Bisogna prendere il problema di petto, senza
perdere tempo e occuparsi d’altro: l’integrazione degli immigrati. E’
indispensabile che governo e Parlamento definiscano le regole di questa
integrazione, sia quelle normative che i principi che le ispirano; è
indispensabile disegnare un “percorso”
sia per la cittadinanza temporanea degli immigrati, che per la conquista di
quella definitiva, che è obiettivo fondamentale per tanti immigrati nati in
Italia.
Bisogna scoprire l’acqua calda, accorgersi di
un dato che è sotto gli occhi di tutti ma che da tutti è ignorato: abbiamo nel
nostro paese decine e decine di migliaia di ragazzi che hanno frequentato
tutti i gradi dell’istruzione in Italia, che hanno gusti, educazione, hobby e
riferimenti plasmati in Italia.
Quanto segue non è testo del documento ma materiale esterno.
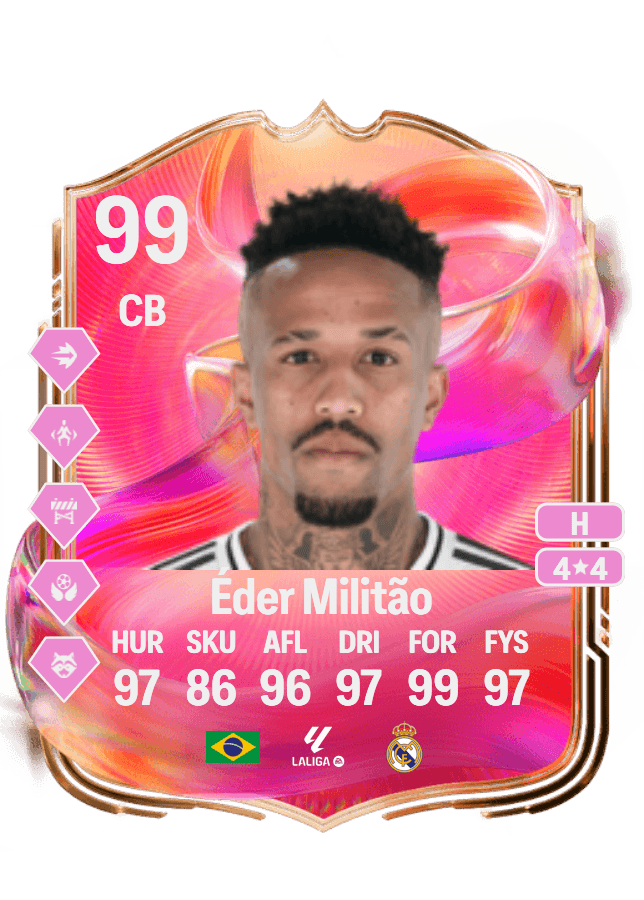 Éder Militão card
Costituiscono una piccola armata di ponte, di
dialogo naturale, istintivo, di integrazione di fatto nel tessuto culturale
nazionale che però, lasciato brado, non coltivato e curato, rischia ad ogni
momento la deriva.
Abbiamo di fronte il fallimento di tutti i
modelli integrativi d’Europa, tranne quello tedesco –per ora– e godiamo solo
del ritardo temporale con cui il fenomeno migratorio si è presentato in Italia
(30 anni in media, dopo gli altri paesi).
Ma l’orologio gira, l’Italia è ormai un paese
a immigrazione forte e matura, mentre la sinistra si culla nella demente
illusione che il problema vada affrontato regalando soldi e moschee a imam che
si rifiutano persino di dare la mano a una donna, il centrodestra deve prendere
il dossier in mano e svilupparlo con urgenza sin dalla prossima legislatura.